Debt Servicing Test Rates
A debt servicing test is a calculation to assess whether your financial situation would stand up to changes in situation during the term of your home loan. This could be increased home loan rates, a change in employment or something else that could impact your ability to maintain your loan payments.
Servicing test rates are currently above 7.25% at all the major banks which means you as a borrower need to prove that you can afford to borrow at that interest rate even though real rates are down in the low 4’s. At a high level, banks use that rate along with a general living allowance depending on the number of applicants to determine your fixed outgoings and therefore your capacity to borrow.
In this current market, lending above 5-6 times your income is proving almost impossible.
In recent times, credit policy has been more broadly dictated by Reserve Bank LVR restrictions and responsible lending codes. Responsible lending codes are guidelines for lenders to ensure that your lender does not put borrowers in a situation they can not afford.
Variations in bank interpretation of these rules allows banks to separate themselves from each other in small ways. However none of them test these boundaries very much. Up until recently, the gap between the lowest test rate and the highest was over 1%. This is no longer the case now with the gap closing to around 0.7% and because of this, your ability to borrow won’t move too much across lenders.
For An Idea Of How Much You Can Borrow, Try Our Online Mortgage Calculator Here
New Build Exemption From LVR Restrictions
Construction and new build lending remains exempt from the RBNZ rules, allowing you as borrowers to do more with less deposit and allowing lenders to play with policy a bit more. Most major banks will go to 95% LVR on an off-plan residential build and 90% LVR on a progress payment. This doesn’t solve the servicing problem but it does mean that with a smaller deposit you can find yourself in a better quality home.

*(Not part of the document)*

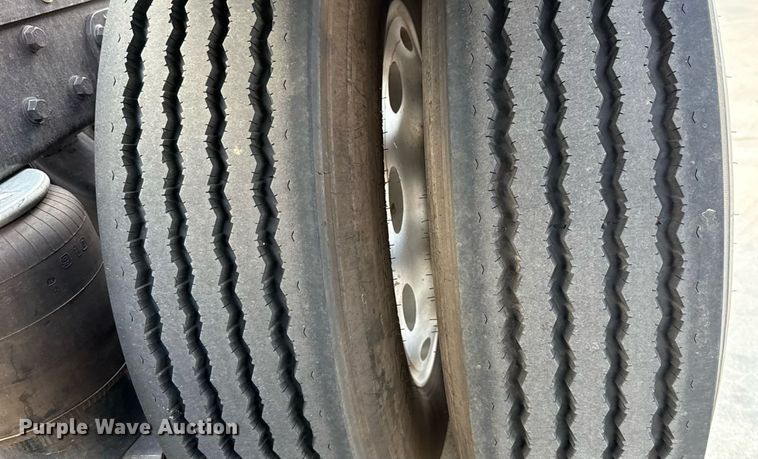 image for item EU2001 1987 Peterbilt 359 semi truck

With changes in bank policy becoming more regular, having an adviser working for you is now more important than ever and could be the difference between an approval and a decline – or more importantly the difference between getting your own home or not.
Getting a home loan approval is now not simply about how much deposit you can get together but your ability to service or maintain the mortgage payments. Therefore ones income, current debt levels and outgoing expenses are increasingly important in helping you get the ‘Yes’ from your lender.